Machine learning has been widely used as an efficient method to predict the physical and chemical properties of crystalline materials in various applications, such as inorganic catalysts^1,2, energy materials^3,4, and optoelectronic devices⁵. However, since chemical experiments to collect training data for machine learning are time-consuming and labor-intensive, machine learning typically suffers from the lack of experimentally collected training data in materials science^6,7. To address the problem caused by the lack of training data, various statistical and data-driven methods have been studied in materials science, such as descriptor engineering⁸, data augmentation⁹, and transfer learning¹⁰. In particular, transfer learning has shown remarkable accuracy improvements in predicting experimentally measured physical and chemical properties of the crystalline materials on small training datasets by transferring knowledge extracted from large and unbiased source materials datasets^11,12,13,14.

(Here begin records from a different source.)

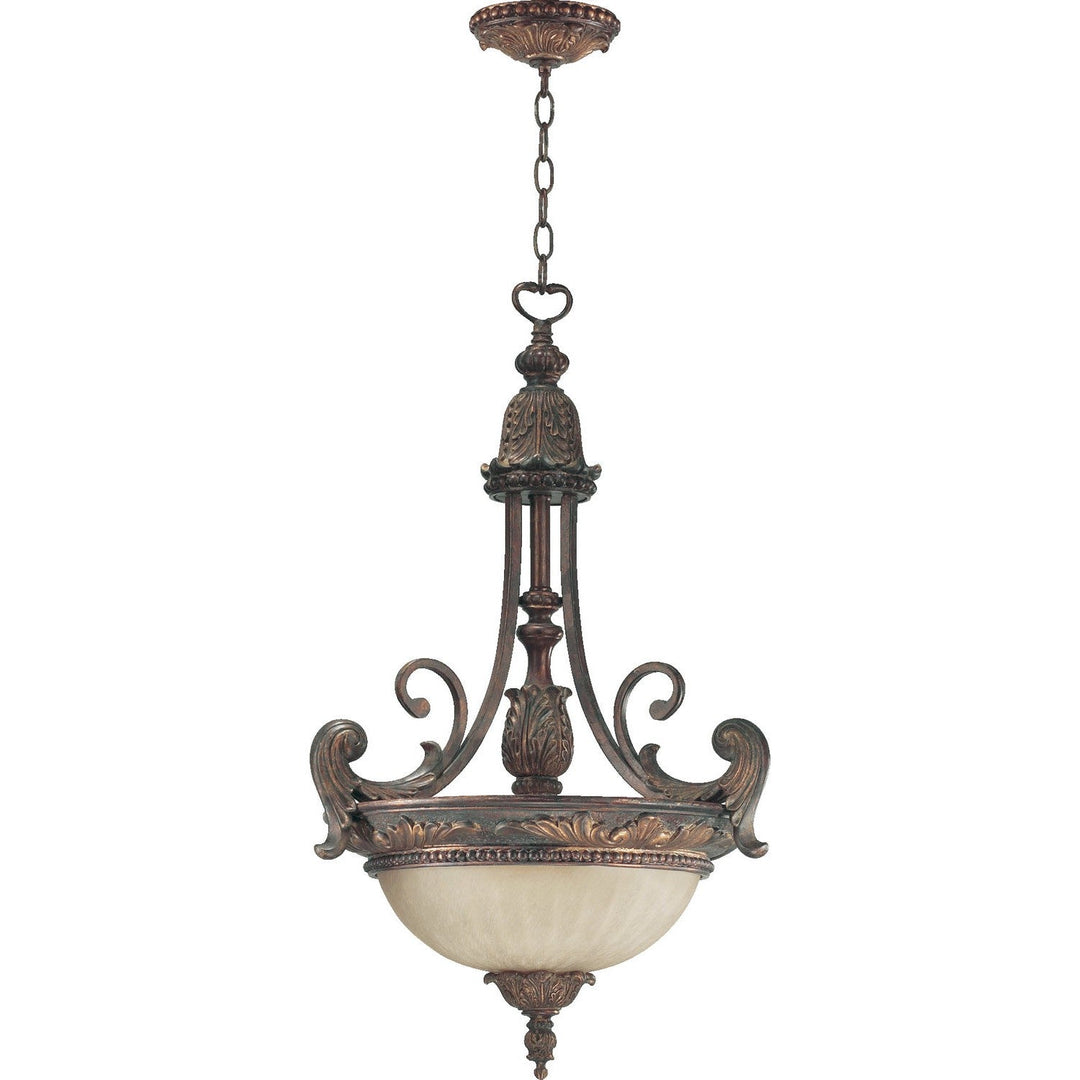 Quorum Madeleine 8230-3-88 Pendant Light - Corsican Gold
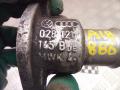фланец (тройник) системы охлаждения Volkswagen Golf 4 поколение 2002, 1.9 л., дизель, 028121145B - фото №4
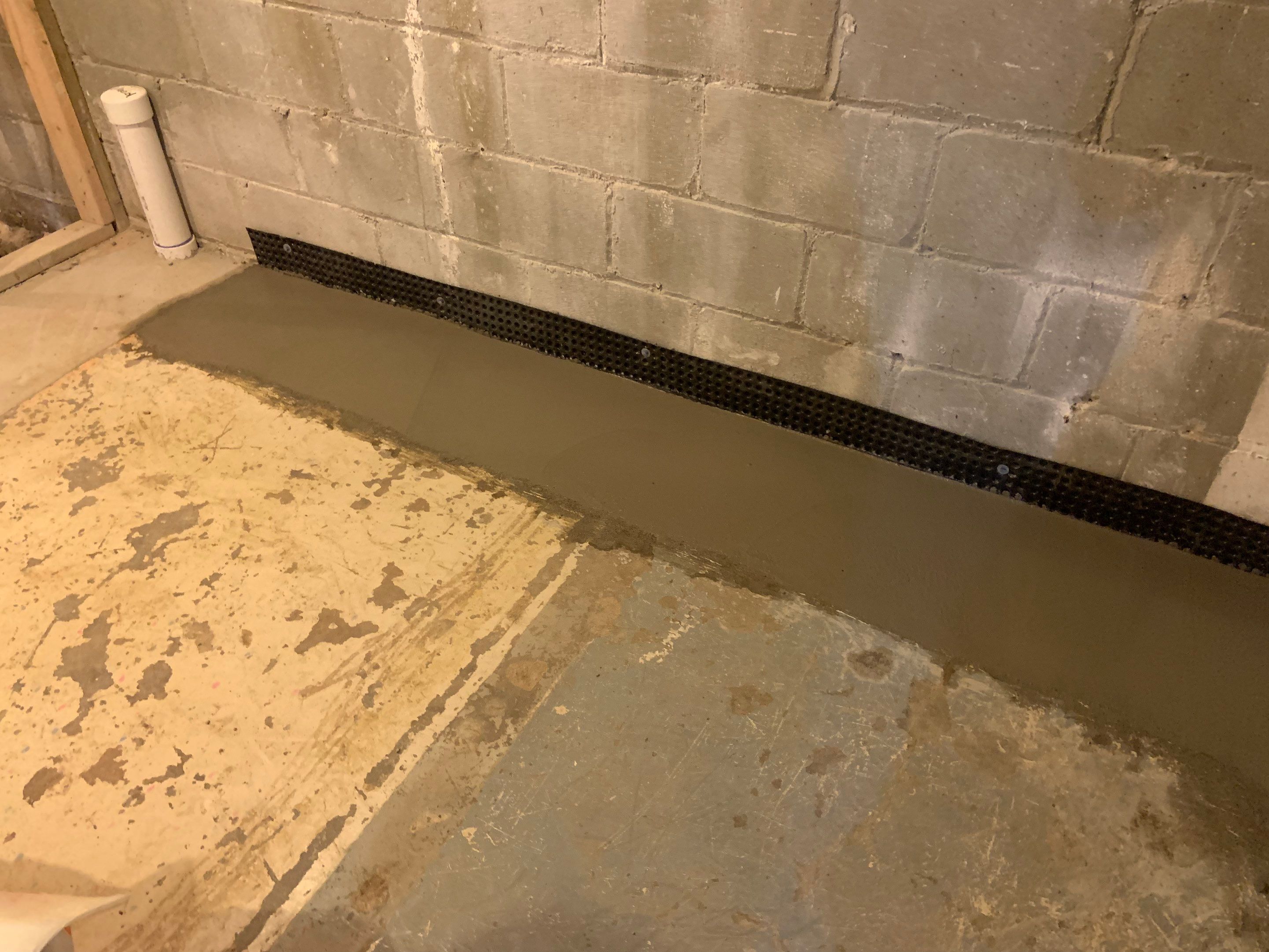 Helping a General Contractor in a Pinch by Waterproofing Northeast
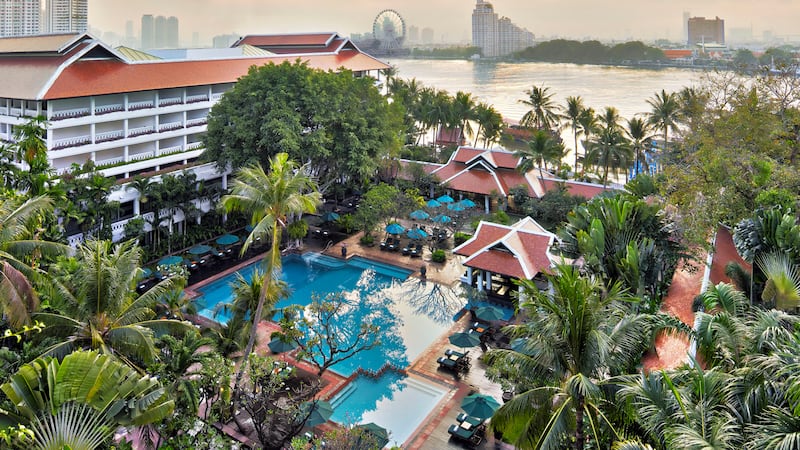 Anantara Riverside Bangkok Resort is one of the five tourist properties in Thailand in which Abu Dhabi Fund for Development will invest. Image: Anantara
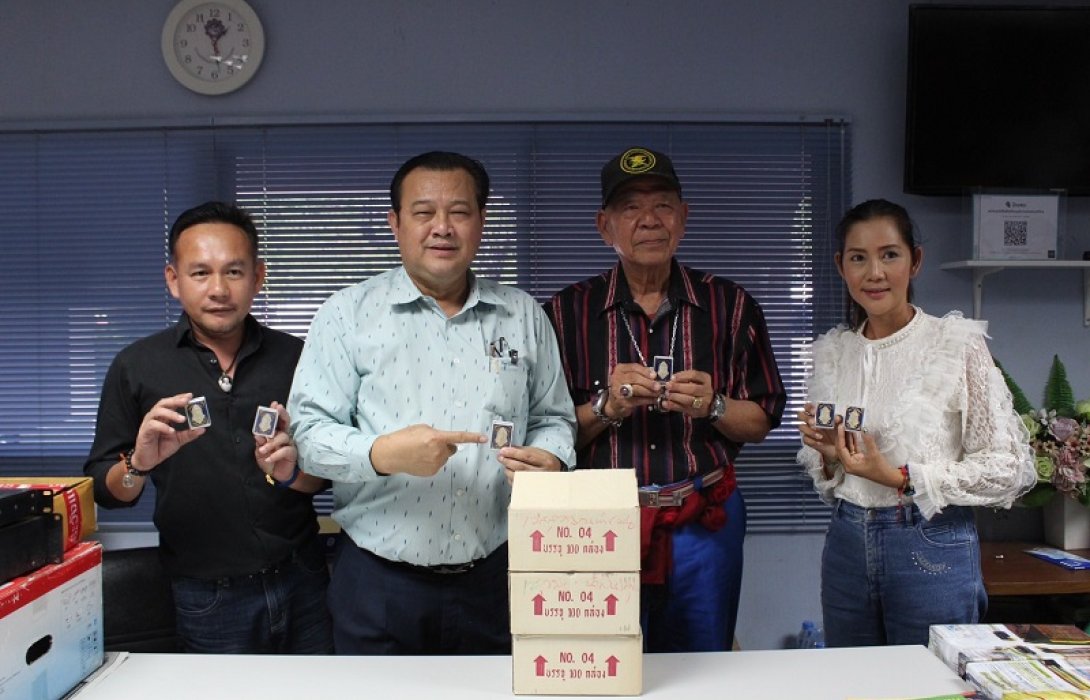 มอบท้าวเวสสุวรรณ “หลวงปู่หมุน” วัดบ้านจาน จ.ศรีสะเกษ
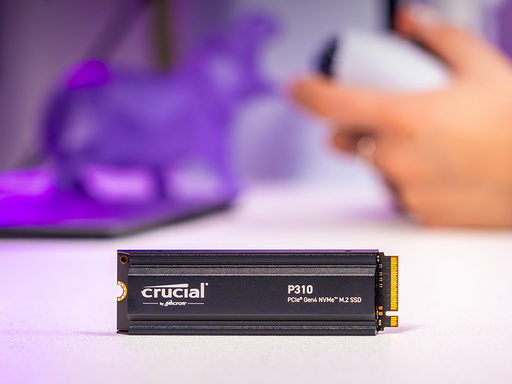 SSD 1TB M.2 80mm PCI-e 4.0 x4 NVMe, CRUCIAL P310 Heatsink (CT1000P310SSD5) - slika 4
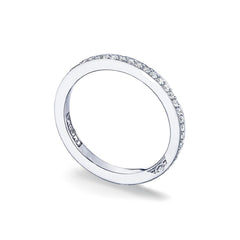 Tacori Dantela Large Diamond Eternity Ring in Platinum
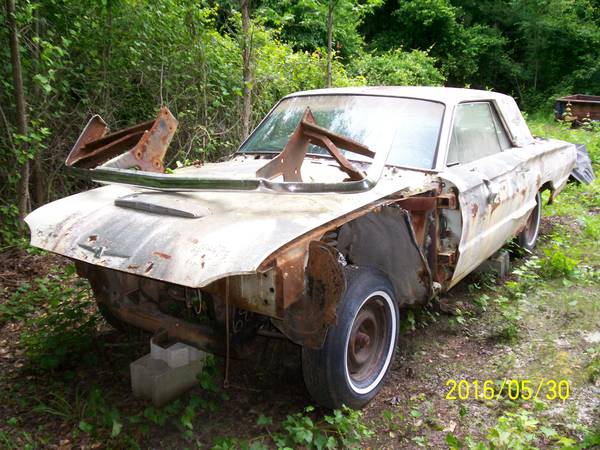 parting out 1965 Thunderbird 1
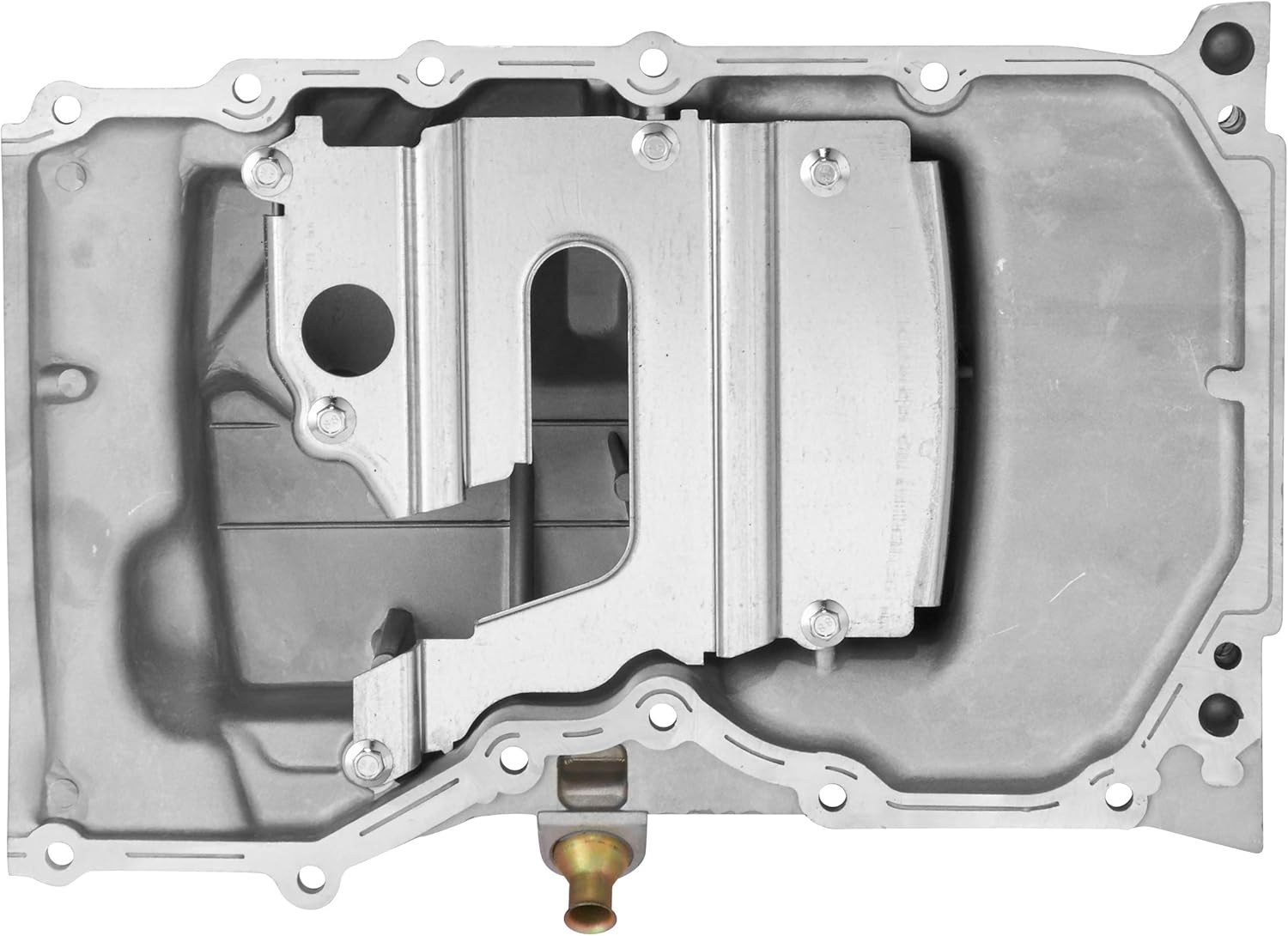 Spectra Premium FP52A Engine Oil Pan Replacement Compatible with 2004-2012 Ford EcoSport, 2005-2011 Focus, 2005-2007 Mondeo, 2010-2013 Transit Connect, and More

Transfer learning aims to transfer knowledge extracted from large and unbiased source datasets to prediction models in target domains where large and unbiased training datasets are not available¹⁵. Transfer learning for building regression and classification models is formally defined by:

$${f}^{* },{h}^{* }=\mathop{{\rm{arg}}\,{\rm{min}}}\limits_{f,h}\mathop{\sum}\limits_{n=1}^{N}L({y}_{t,n},f(h({{{\bf{x}}}}_{t,n}))),$$

(1)

where \({{{\mathcal{D}}}}_{t}=\{({{{\bf{x}}}}_{t,1},{y}_{t,1}),({{{\bf{x}}}}_{t,2},{y}_{t,2}),\ldots ,({{{\bf{x}}}}_{t,N},{y}_{t,N})\}\) is a training dataset of the target domain, L is a metrics to measure prediction errors, f is a trainable prediction model, and h is a trainable feature extractor optimized on a source dataset \({{{\mathcal{D}}}}_{s}=\{({{{\bf{x}}}}_{s,1},{y}_{s,1}),({{{\bf{x}}}}_{s,2},{y}_{s,2}),\ldots ,({{{\bf{x}}}}_{s,M},{y}_{s,M})\}\). Note that L can be implemented by the absolute errors or the squared errors¹⁶. In transfer learning, h trained on \({{{\mathcal{D}}}}_{s}\) is referred to as a source feature extractor, and a composite model f ∘ h re-trained on \({{{\mathcal{D}}}}_{t}\) is referred to as a target prediction model. The purpose of transfer learning is to find the best model parameters of f ∘ h that minimizes L on \({{{\mathcal{D}}}}_{t}\).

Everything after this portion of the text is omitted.